Sélectionner une page

Le silence qui naît du bruit de la pluie – Fernando Pessoa

Le silence qui naît du bruit de la pluie – Fernando Pessoa

98

Le silence qui naît du bruit de la pluie s’éparpille, avec un crescendo de monotonie grisâtre, dans la rue étroite que je contemple. Je dors tout éveillé, debout contre la vitre à laquelle je m’appuie, comme à toute chose. Je cherche en moi quelles sensations j’éprouve devant cette chute effilochée d’une eau obscurément lumineuse, qui se détache sur les façades sales et, plus encore, sur les fenêtres grandes ouvertes. Et je ne sais ni ce que j’éprouve, ni ce que j’ai envie d’éprouver, je ne sais ce que je pense ni ce que je suis.
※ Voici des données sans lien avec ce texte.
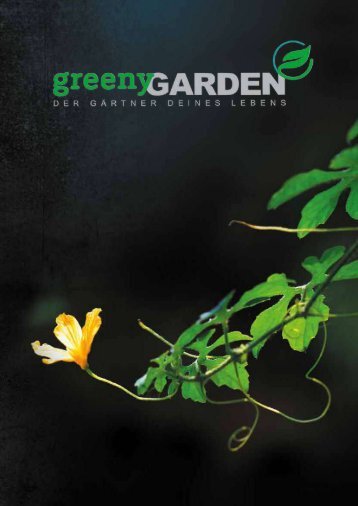 greenyGARDEN Broschüre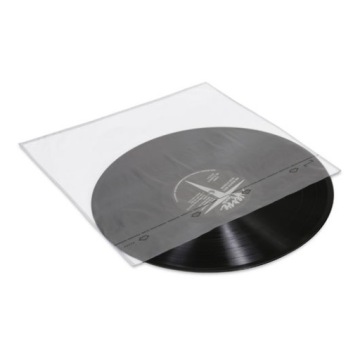 Антистатические конверты LP DYNAVOX, 3 СЛОЯ, 50 шт.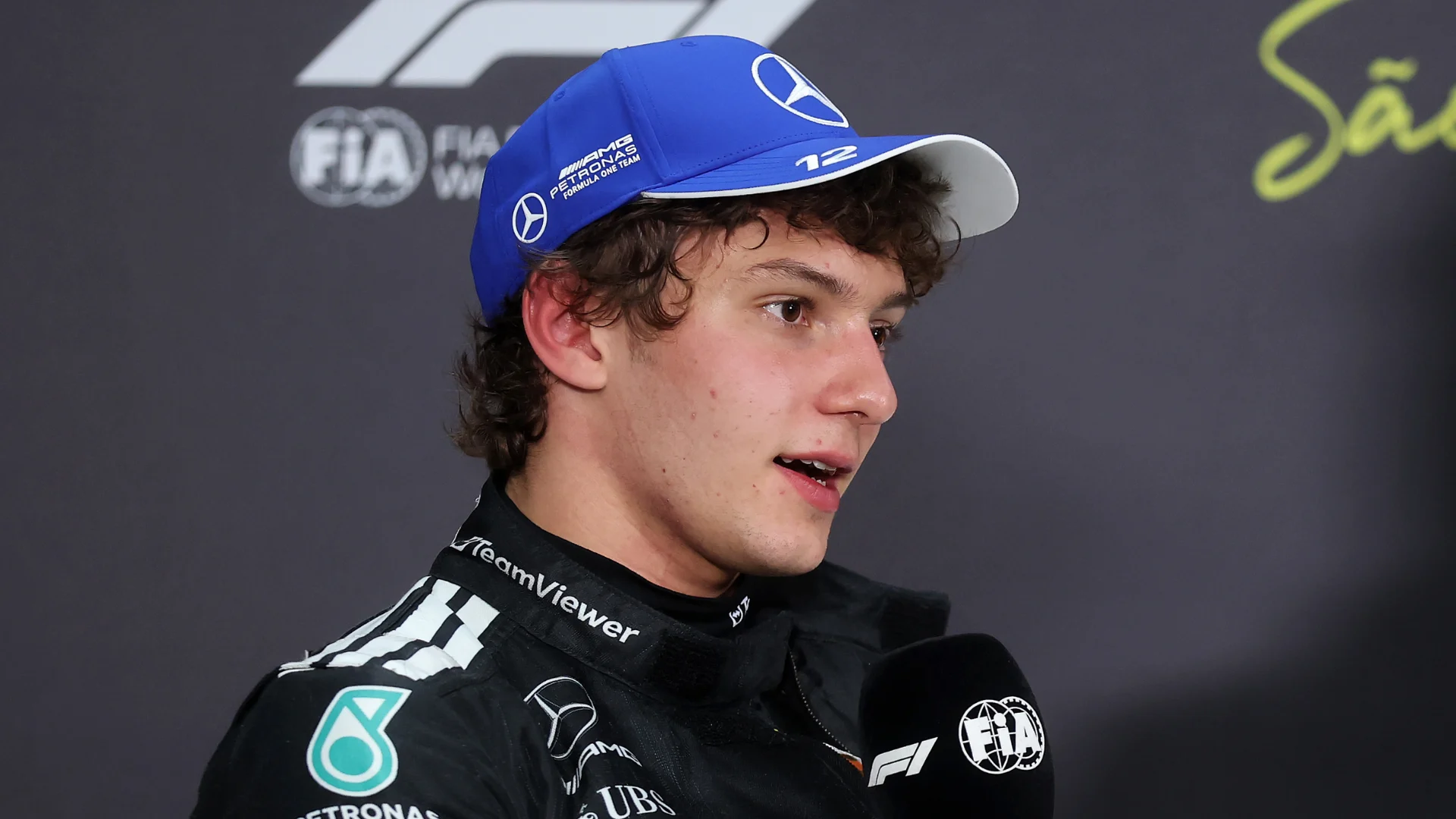 Kimi Antonelli hoping to ‘finish the weekend on a high’ after taking P2 again in Sao Paulo Qualifying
Toute l’amertume à retardement de ma vie se dépouille, sous mes yeux vides de toute sensation, du costume de gaieté naturelle qu’elle revêt dans les occasions fortuites, sans cesse renouvelées, de la vie quotidienne. Je constate — moi si souvent d’humeur joyeuse, si souvent content de mon sort — que je suis toujours triste. Et celui qui, en moi, fait ce constat, se trouve en fait derrière moi, semble se pencher sur mon corps appuyé à la fenêtre, et regarder — par-dessus mon épaule ou par-dessus ma tête, avec des yeux plus intimes que les miens — la pluie lente, légèrement ondulée déjà, qui raye de sa chute en filigrane l’air sombre et mauvais.

Négliger tous ses devoirs, même ceux que personne n’exige de vous, répudier tous les foyers, même ceux que l’on n’a jamais eus, vivre de flou et de vestiges, parmi de lourdes draperies de folie pourpre et les fausses dentelles de royautés rêvées… Être quelque chose qui ne sente pas la tristesse de la pluie extérieure, ni la douleur de ce vide intime… Errer sans âme ni pensée, sensation dépouillée d’elle-même, par des routes contournant des montagnes, par des vallées encaissées entre des pentes escarpées, et passer lointain, absorbé et fatal… Se perdre dans des paysages semblables à des tableaux. Cesser d’être, dilué en lointains et en couleurs…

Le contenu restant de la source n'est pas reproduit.